GOAL OF THE EXERCISE –
Repeat each line, word for word, from the one containing "Hediyeler Kapında Beyaz" through the last line of the entries, and include no other output.

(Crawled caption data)
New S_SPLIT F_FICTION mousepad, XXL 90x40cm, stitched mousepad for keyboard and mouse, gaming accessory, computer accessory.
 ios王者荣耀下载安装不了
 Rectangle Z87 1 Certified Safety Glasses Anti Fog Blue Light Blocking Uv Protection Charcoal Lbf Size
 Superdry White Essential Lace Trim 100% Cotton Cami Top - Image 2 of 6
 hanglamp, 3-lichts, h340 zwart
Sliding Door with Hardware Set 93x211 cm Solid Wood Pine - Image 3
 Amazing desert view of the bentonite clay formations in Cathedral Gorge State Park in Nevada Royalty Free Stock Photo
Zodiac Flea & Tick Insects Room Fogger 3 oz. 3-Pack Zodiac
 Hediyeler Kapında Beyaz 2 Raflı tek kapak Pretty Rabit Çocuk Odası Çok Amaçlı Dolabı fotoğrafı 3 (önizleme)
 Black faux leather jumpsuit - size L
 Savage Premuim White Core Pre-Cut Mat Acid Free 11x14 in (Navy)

YOUR RESPONSE –
 Hediyeler Kapında Beyaz 2 Raflı tek kapak Pretty Rabit Çocuk Odası Çok Amaçlı Dolabı fotoğrafı 3 (önizleme)
 Black faux leather jumpsuit - size L
 Savage Premuim White Core Pre-Cut Mat Acid Free 11x14 in (Navy)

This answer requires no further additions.